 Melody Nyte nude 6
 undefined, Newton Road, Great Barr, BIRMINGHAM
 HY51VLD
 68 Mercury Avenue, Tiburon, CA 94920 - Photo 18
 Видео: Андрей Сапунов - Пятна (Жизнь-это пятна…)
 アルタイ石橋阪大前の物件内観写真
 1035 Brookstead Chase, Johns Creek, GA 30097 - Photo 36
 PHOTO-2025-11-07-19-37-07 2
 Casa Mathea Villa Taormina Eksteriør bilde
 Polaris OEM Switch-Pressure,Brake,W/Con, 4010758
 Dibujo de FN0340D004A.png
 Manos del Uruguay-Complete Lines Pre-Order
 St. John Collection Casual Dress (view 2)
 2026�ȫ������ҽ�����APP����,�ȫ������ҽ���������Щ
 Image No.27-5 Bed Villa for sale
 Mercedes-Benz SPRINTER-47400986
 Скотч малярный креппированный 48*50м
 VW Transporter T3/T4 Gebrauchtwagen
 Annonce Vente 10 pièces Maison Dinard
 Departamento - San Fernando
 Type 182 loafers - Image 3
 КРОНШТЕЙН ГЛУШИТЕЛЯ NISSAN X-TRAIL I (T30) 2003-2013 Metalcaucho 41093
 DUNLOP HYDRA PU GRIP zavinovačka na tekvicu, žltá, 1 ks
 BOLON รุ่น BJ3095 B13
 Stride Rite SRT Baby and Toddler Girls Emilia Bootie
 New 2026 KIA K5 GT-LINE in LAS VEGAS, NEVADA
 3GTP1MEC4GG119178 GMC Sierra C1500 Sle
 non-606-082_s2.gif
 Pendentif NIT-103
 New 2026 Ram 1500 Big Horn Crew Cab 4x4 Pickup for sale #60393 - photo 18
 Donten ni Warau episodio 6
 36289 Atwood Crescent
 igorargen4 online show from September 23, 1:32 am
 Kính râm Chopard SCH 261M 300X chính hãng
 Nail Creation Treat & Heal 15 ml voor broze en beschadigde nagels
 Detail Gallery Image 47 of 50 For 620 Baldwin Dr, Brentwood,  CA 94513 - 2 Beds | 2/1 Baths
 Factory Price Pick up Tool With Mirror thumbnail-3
########
*THE TASK*
Retype all the material exactly as shown.

*TASK SOLUTION*
 Melody Nyte nude 6
 undefined, Newton Road, Great Barr, BIRMINGHAM
 HY51VLD
 68 Mercury Avenue, Tiburon, CA 94920 - Photo 18
 Видео: Андрей Сапунов - Пятна (Жизнь-это пятна…)
 アルタイ石橋阪大前の物件内観写真
 1035 Brookstead Chase, Johns Creek, GA 30097 - Photo 36
 PHOTO-2025-11-07-19-37-07 2
 Casa Mathea Villa Taormina Eksteriør bilde
 Polaris OEM Switch-Pressure,Brake,W/Con, 4010758
 Dibujo de FN0340D004A.png
 Manos del Uruguay-Complete Lines Pre-Order
 St. John Collection Casual Dress (view 2)
 2026�ȫ������ҽ�����APP����,�ȫ������ҽ���������Щ
 Image No.27-5 Bed Villa for sale
 Mercedes-Benz SPRINTER-47400986
 Скотч малярный креппированный 48*50м
 VW Transporter T3/T4 Gebrauchtwagen
 Annonce Vente 10 pièces Maison Dinard
 Departamento - San Fernando
 Type 182 loafers - Image 3
 КРОНШТЕЙН ГЛУШИТЕЛЯ NISSAN X-TRAIL I (T30) 2003-2013 Metalcaucho 41093
 DUNLOP HYDRA PU GRIP zavinovačka na tekvicu, žltá, 1 ks
 BOLON รุ่น BJ3095 B13
 Stride Rite SRT Baby and Toddler Girls Emilia Bootie
 New 2026 KIA K5 GT-LINE in LAS VEGAS, NEVADA
 3GTP1MEC4GG119178 GMC Sierra C1500 Sle
 non-606-082_s2.gif
 Pendentif NIT-103
 New 2026 Ram 1500 Big Horn Crew Cab 4x4 Pickup for sale #60393 - photo 18
 Donten ni Warau episodio 6
 36289 Atwood Crescent
 igorargen4 online show from September 23, 1:32 am
 Kính râm Chopard SCH 261M 300X chính hãng
 Nail Creation Treat & Heal 15 ml voor broze en beschadigde nagels
 Detail Gallery Image 47 of 50 For 620 Baldwin Dr, Brentwood,  CA 94513 - 2 Beds | 2/1 Baths
 Factory Price Pick up Tool With Mirror thumbnail-3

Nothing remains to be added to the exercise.